North Mississippi Allstars

Saturday, June 15, at the Agora Theatre.

"I'm in the mud and the mud's in me."

So sings North Mississippi Allstars frontman Luther Dickinson near the end of the Allstars' second album, 51 Phantom. On the one hand, it's a declaration of loyalty to the band's Mississippi hill country roots, but it's also an explanation of what makes this band special.

Unlike most hard-rock bluesmen, the Allstars didn't have to learn the ropes by studying records. It was in the air, in the nearby juke joints, and yeah, in the mud of their native South. Luther Dickinson and his drumming brother Cody sound like exactly what they are: two brothers who've been playing together since they were in grade school, with a telepathic understanding of each other's moves.

Though the entire trio is solid, the star of the band is clearly Luther. A monumentally gifted guitarist, he's to Duane Allman what Stevie Ray Vaughan was to Jimi Hendrix: an earnest disciple who has thoroughly absorbed his mentor's style and added enough regional wrinkles of his own to create a fresh new guitar-hero vocabulary.
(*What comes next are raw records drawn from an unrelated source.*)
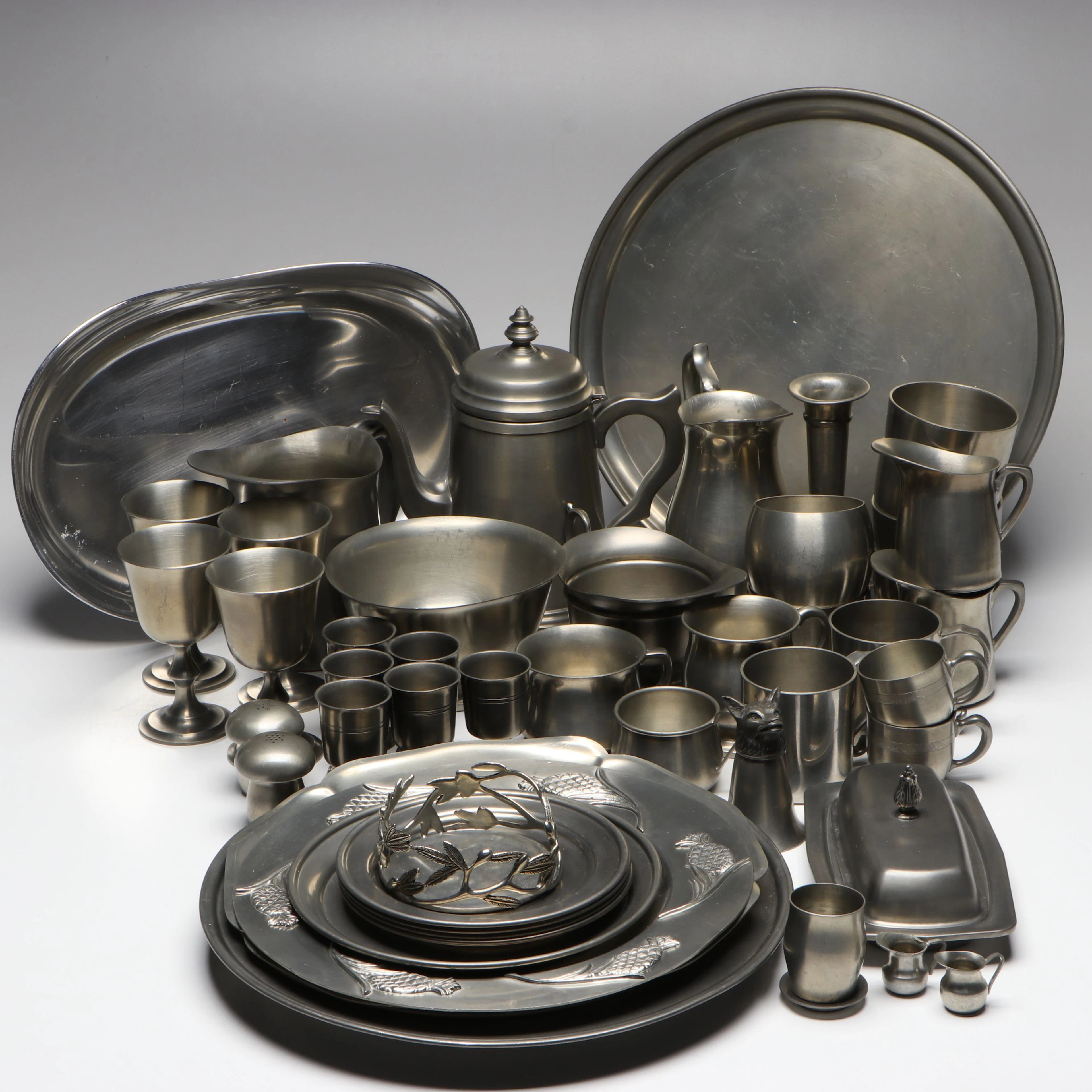 Connecticut House, Kirk-Stieff with Other Pewter Platters, Pitchers and More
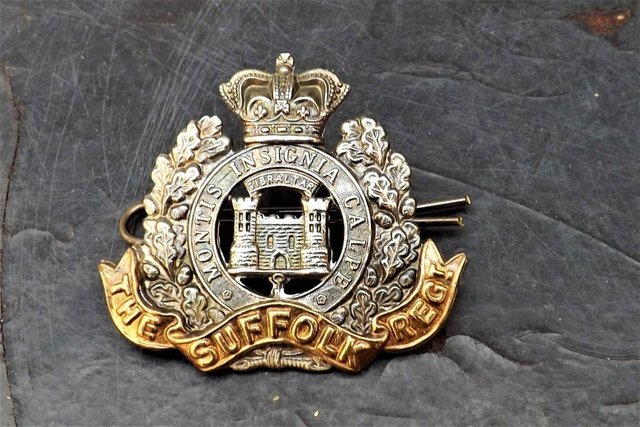 Preview of the first image of Suffolk regiment Victorian badge rare Genuine issued.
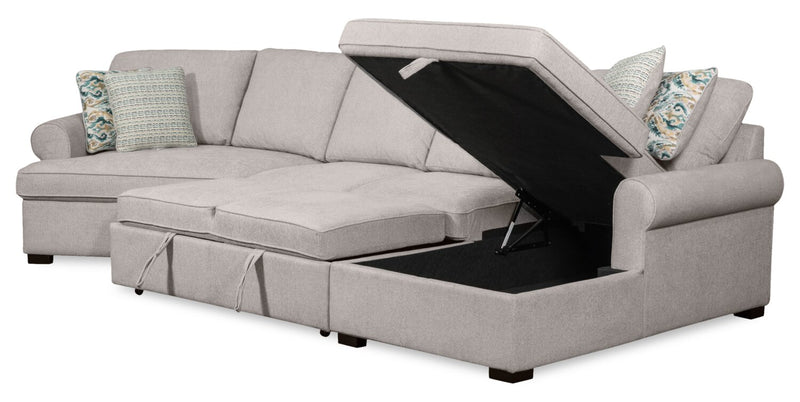 Scott Living Haven 3-Piece Left-Facing Chenille Fabric Cuddler Sleeper Sectional with Storage Chaise - Grey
One snag is that Luther's not much of a singer. As a vocalist, he's kind of in the young Keith Richards mold: a natural sense of phrasing and a spirit that's willing, but thin, raspy pipes that won't cooperate. But even if these guys don't yet have any classics of their own to add to the blues-rock canon, they're still plying the form with more verve than just about anybody out there right now.